Thursday, March 23, 2006

Vision

Everybody, every group, every party has vision. The problem is not that there is no vision. It is that everybody has a different vision.

Most of those visions have some merit, but when people talk about "a vision" they mean a single unifying vision or a small group of visions that may be related, but that have broad applicability, relevance or importance the majority of citizens.

The dynamic at the level below the presidency regarding vision is that each senator or congressman gets elected on a vision ideosyncratic to his constituancy. The problem begins when he gets to the senate or congress because he encounters the other senators or congressmen who were elected on the basis of different visions. The problem then becomes one of getting anyone's vision implemented. From this problem arises such processes as negotiation, compromise, "log rolling", ear marking and other legislative techniques. The result, generally, is that original vision of the legislator is seldom implemented. Rather, some variation of that vision, modified and qualified to satisfy supporters or opponents becomes the vision.

Tuesday, March 21, 2006

Article II

A well regulated Militia, being necessary to the security of a free State, the right of the people to keep and bear Arms, shall not be infringed.


This was written at at time when the United States had no standing army.

Two things suggest themselves.

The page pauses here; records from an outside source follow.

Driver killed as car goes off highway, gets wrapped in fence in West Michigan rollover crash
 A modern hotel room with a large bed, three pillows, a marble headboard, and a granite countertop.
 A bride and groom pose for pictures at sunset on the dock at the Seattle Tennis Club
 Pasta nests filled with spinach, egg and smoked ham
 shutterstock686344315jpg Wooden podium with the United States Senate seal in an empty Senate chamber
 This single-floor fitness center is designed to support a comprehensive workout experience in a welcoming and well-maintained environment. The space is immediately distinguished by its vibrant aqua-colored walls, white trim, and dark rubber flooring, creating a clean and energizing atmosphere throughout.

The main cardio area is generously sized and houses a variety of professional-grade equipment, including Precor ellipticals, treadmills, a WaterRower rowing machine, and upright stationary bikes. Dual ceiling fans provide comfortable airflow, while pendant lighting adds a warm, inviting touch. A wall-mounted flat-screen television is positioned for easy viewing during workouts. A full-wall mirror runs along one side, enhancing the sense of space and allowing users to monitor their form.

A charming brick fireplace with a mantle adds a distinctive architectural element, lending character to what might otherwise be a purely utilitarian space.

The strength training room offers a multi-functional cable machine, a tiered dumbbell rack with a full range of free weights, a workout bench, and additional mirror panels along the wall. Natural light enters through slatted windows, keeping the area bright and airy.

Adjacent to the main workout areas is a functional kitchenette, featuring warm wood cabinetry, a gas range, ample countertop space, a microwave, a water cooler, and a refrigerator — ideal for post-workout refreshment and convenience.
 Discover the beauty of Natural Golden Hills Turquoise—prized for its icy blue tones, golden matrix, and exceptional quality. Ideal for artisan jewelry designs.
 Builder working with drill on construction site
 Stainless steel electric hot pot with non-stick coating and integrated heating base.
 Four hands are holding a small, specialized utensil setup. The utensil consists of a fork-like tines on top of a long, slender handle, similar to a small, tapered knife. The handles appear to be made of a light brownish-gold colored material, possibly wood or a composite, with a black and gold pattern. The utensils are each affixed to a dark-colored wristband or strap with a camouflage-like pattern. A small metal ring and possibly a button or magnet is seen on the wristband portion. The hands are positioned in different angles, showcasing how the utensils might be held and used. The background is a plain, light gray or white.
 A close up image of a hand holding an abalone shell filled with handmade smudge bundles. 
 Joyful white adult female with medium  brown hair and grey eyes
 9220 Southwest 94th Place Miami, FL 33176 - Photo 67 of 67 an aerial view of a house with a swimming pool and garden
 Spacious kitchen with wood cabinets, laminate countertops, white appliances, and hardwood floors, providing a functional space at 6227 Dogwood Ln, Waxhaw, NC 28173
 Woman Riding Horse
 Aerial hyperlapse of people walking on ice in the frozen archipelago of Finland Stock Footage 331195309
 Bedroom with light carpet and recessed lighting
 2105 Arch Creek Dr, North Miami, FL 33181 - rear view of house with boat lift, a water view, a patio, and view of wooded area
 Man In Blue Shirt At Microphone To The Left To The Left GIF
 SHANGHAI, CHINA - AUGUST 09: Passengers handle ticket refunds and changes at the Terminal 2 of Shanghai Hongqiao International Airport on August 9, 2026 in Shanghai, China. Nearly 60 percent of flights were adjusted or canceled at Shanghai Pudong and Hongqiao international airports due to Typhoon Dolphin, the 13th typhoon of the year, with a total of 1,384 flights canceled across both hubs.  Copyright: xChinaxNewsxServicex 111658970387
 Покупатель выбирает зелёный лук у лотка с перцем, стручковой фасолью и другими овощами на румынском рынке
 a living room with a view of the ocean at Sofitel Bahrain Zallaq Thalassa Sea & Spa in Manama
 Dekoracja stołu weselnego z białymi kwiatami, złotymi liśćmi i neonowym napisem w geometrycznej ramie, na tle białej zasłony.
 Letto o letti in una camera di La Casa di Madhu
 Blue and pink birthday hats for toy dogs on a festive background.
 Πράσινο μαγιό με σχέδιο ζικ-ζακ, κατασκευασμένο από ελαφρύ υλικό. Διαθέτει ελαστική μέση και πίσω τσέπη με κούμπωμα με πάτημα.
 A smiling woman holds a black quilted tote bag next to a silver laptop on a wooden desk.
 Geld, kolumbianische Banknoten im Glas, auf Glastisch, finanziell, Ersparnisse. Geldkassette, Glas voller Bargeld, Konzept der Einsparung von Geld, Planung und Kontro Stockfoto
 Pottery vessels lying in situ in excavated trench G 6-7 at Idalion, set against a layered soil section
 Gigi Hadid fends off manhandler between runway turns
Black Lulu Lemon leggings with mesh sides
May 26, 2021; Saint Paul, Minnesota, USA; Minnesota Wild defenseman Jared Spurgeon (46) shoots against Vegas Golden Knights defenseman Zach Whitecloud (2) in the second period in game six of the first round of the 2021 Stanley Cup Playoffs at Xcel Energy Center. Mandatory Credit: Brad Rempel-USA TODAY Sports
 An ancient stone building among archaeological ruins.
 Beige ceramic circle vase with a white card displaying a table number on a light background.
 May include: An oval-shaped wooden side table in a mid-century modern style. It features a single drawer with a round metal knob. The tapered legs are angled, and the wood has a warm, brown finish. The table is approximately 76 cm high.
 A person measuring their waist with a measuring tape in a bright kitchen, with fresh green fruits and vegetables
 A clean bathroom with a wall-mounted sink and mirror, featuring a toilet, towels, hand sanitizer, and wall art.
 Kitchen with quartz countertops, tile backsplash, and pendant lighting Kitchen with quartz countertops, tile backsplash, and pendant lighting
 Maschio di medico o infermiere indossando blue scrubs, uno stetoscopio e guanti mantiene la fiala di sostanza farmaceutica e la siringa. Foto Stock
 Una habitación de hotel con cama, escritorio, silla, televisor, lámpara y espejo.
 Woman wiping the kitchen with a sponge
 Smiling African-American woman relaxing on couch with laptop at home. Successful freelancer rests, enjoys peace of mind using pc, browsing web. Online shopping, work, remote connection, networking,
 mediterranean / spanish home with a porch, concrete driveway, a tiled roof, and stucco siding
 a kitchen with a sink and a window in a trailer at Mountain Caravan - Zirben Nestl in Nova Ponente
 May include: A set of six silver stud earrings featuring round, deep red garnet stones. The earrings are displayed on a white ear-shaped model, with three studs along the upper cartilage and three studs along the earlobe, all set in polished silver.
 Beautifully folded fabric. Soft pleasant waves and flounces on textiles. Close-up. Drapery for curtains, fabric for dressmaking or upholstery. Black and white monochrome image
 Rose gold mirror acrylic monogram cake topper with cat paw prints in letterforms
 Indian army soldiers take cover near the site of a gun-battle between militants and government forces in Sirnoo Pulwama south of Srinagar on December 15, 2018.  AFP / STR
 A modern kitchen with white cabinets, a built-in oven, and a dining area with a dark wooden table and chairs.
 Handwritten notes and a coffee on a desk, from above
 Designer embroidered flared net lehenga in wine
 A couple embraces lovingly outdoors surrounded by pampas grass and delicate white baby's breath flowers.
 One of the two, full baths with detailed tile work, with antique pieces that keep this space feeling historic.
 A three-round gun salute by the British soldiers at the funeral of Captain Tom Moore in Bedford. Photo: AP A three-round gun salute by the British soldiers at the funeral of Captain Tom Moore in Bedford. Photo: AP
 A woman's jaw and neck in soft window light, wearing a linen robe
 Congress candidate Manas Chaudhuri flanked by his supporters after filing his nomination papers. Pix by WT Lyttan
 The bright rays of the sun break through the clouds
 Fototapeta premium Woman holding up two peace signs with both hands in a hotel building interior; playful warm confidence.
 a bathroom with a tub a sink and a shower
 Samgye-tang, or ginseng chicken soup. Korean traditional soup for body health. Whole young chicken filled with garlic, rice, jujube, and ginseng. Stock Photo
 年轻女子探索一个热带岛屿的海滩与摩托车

First, the right to bear arms is a function of a militia, created to defend the state. In other words, citizens carry arms as members of a citizen's army. Not just any old army, but a "well regulated" one. If someone is going to bear arms, then, it should be in the context of membership in a military unit under the ultimate control of the civilian government.

The so-called "right to bear arms" is not about the security of an individual; it is about the "security of a free State". An individual, bearing arms, outside the control of the state is quite easily construed as a threat to the State -- certainly bank robbers and drug dealers are seen as such.

Second: While the Constitution mentions an army and navy, it does not specifically establish them. There is a suggestion in this article that the militia is voluntary (almost by definition) but that the army and navy should also be a citizen's army and navy, as opposed to a professional one.

In any case, if "national defense" and "national security" are truly issues, then it would be more effective to require that everyone spend some time in the military. This would mean that everyone would be trained to defend their country, rather than having to depend on a few professionals. Paradoxically, citizens' army might also limit the power of the military since citizens might be less inclined to put themselves or their children in harm's way at the whim to satisfy the ambition of a political leader than would professional soliders.

Citizens' Army

Patrick Tillman, a member of the elite military group of Army Rangers, was apparently killed by "friendly fire". After nearly a year, the exact circumstance of his death have not been settled on to the satisfaction of his family. They apparently have good cause for their skepticism since the reports of his death have been reluctant, tardy, contradictory, and have changed over time. A cover-up is suspected, as is incompetence and gross negligence.

As is their right, Mr. Tillman's family has requested a full and truthful accounting. They have secured the support of public officials and the mass media in their attempts to obtain this accounting.

That they should feel that they have a right to any accounting is, I feel, their belief that their son served in a citizen's army. The Tillman's are reacting to the death of their son as though he were any other citizen. The Tillman's are not alone in their reaction. Many parents of soldiers killed in our more recent wars have also demanded a true accounting of their children's death.

What is unusual, though, is that such a reaction and such demands and expectations are probably unique to this time in history. In other times and other places, soldiers in war were expected to die, and the reason for their deaths was of little consequence so long as the cause of the generals was advanced. What justice any soldier could expect depended less on law than on on the expediencies of morale and the support of his comrades. The understanding was that upond entering the military, a soldier signed away his individual rights -- if it was ever considered that he had any in the first place.

The case of Patrick Tillman suggests that this is not the case now. Tillman's parents do not accept that their son gave up his rights as a citizen upon joining the army, and therefore, as a citizen, his death is entitled to a full accounting.

Wednesday, March 01, 2006

Ware and Abuse

From a website on child abuse: (www.primalspirit.com/deMause3-1_ChildAbuse.htm#1.)

All social violence is ultimately a consequence of child abuse, and we are likely to continue our periodic sacrificial rituals of war if the infliction of childhood trauma continues.

Which got me thinking that our most recent wars could be charactized a children's wars, that is, wars fought by childern. Starting from Vietnam -- these voluntary wars -- many of the men who fought at the front were just out of childhood.

In a sense then, these wars were an extension of child abuse, with the old men -- the politicians and generals -- sending young men to be wounded or to die.